In [1]:
pip install tensorflow numpy

Collecting tensorflow
  Using cached tensorflow-2.19.0-cp310-cp310-win_amd64.whl (375.7 MB)
Collecting numpy
  Downloading numpy-2.2.5-cp310-cp310-win_amd64.whl (12.9 MB)
     -------------------------------------- 12.9/12.9 MB 320.7 kB/s eta 0:00:00
Collecting grpcio<2.0,>=1.24.3
  Using cached grpcio-1.71.0-cp310-cp310-win_amd64.whl (4.3 MB)
Collecting h5py>=3.11.0
  Using cached h5py-3.13.0-cp310-cp310-win_amd64.whl (3.0 MB)
Collecting keras>=3.5.0
  Downloading keras-3.9.2-py3-none-any.whl (1.3 MB)
     ---------------------------------------- 1.3/1.3 MB 481.6 kB/s eta 0:00:00
Collecting termcolor>=1.1.0
  Using cached termcolor-3.1.0-py3-none-any.whl (7.7 kB)
Collecting absl-py>=1.0.0
  Using cached absl_py-2.2.2-py3-none-any.whl (135 kB)
Collecting google-pasta>=0.1.1
  Using cached google_pasta-0.2.0-py3-none-any.whl (57 kB)
Collecting numpy
  Downloading numpy-2.1.3-cp310-cp310-win_amd64.whl (12.9 MB)
     -------------------------------------- 12.9/12.9 MB 906.1 kB/s eta 0:00:

In [2]:
import numpy as np
from tensorflow.keras.preprocessing.text import Tokenizer
from tensorflow.keras.preprocessing.sequence import pad_sequences
from tensorflow.keras.models import Sequential
from tensorflow.keras.layers import LSTM, Dense, Embedding
import tensorflow as tf

In [3]:

texts = [
    "Artificial intelligence is revolutionizing industries worldwide.
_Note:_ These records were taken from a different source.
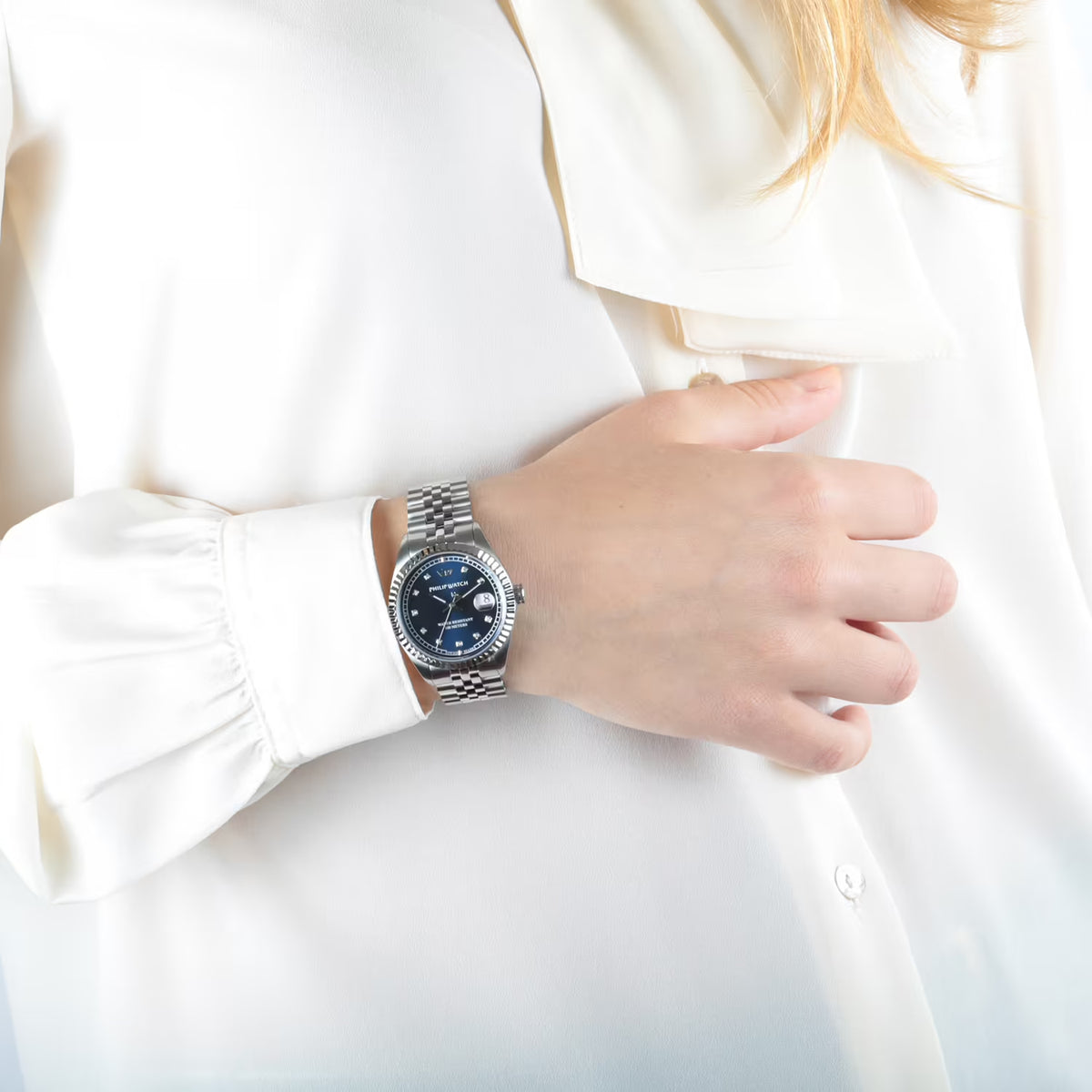orologio da donna con movimento al quarzo f05.115 e funzioni di solo tempo con data.
cassa rotonda in acciaio inox dal diametro di 31 mm. lunetta zigrinata. fondello e corona a vite.
quadrante blu con diamanti agli indici, logo a ore 12 e datario a ore 3 con lente di ingrandimento. vetro zaffiro.
cinturino in acciaio anallergico silver; chiusura deployante con pulsanti.
resistente all'acqua fino a 100 metri di profondità.
appartiene alla collezione caribe urban.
Machine learning algorithms enable computers to analyze complex patterns and make intelligent decisions. These systems continuously improve through experience and data analysis.",
    
    "The future of technology lies in neural networks and deep learning. These sophisticated systems can process vast amounts of information and identify patterns that humans might miss. Advanced AI models are now capable of generating human-like text and creative content.",
    
    "Cloud computing has transformed modern business operations. Companies can now scale their infrastructure instantly and access powerful computing resources on demand. This technology enables remote work and global collaboration while reducing operational costs.",
    
    "Cybersecurity is becoming increasingly critical in our digital world. As systems become more connected, protecting sensitive data from unauthorized access is paramount. Modern security solutions use AI and machine learning to detect and prevent cyber threats.",
    
    "The Internet of Things is creating a more connected world. Smart devices communicate with each other to automate daily tasks and improve efficiency. This network of connected devices generates valuable data that can be analyzed for better decision-making."
]


In [4]:

# Tokenize the text
tokenizer = Tokenizer()
tokenizer.fit_on_texts(texts)
total_words = len(tokenizer.word_index) + 1

In [5]:
# Create sequences
sequences = []
for line in texts:
    token_list = tokenizer.texts_to_sequences([line])[0]
    for i in range(1, len(token_list)):
        n_gram_sequence = token_list[:i+1]
        sequences.append(n_gram_sequence)

In [6]:

# Pad sequences
max_sequence_len = max([len(x) for x in sequences])
sequences = np.array(pad_sequences(sequences, maxlen=max_sequence_len, padding='pre'))

In [7]:
# Create training data
X = sequences[:, :-1]
y = sequences[:, -1]
y = tf.keras.utils.to_categorical(y, num_classes=total_words)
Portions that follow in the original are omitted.